[Opening DATA LISTING section]

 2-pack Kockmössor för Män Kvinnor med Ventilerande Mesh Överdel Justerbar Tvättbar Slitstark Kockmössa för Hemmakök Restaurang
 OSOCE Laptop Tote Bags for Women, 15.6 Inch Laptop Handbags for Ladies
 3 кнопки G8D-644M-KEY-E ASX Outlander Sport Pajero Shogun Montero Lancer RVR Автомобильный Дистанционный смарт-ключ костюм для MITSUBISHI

[Closing DATA LISTING section]
[Opening DATA LISTING section]

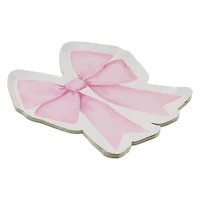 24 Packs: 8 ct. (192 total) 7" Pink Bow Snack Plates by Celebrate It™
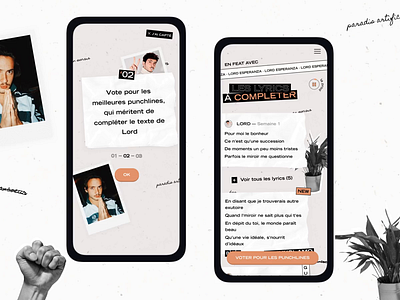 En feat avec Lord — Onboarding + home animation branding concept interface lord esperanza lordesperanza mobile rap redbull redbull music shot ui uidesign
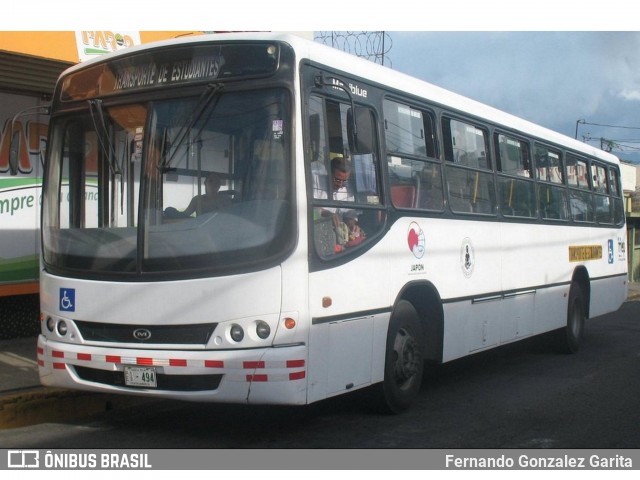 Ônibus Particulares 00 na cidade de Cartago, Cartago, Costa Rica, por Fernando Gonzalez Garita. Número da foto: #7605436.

[Closing DATA LISTING section]

**EXERCISE GOAL**
Copy the stretch of the records above that runs from the line with "2-pack Kockmössor för" through the line with "OSOCE Laptop Tote". Both end lines belong in the copy, and nothing else does.

**ANSWER TO THIS PROBLEM**
 2-pack Kockmössor för Män Kvinnor med Ventilerande Mesh Överdel Justerbar Tvättbar Slitstark Kockmössa för Hemmakök Restaurang
 OSOCE Laptop Tote Bags for Women, 15.6 Inch Laptop Handbags for Ladies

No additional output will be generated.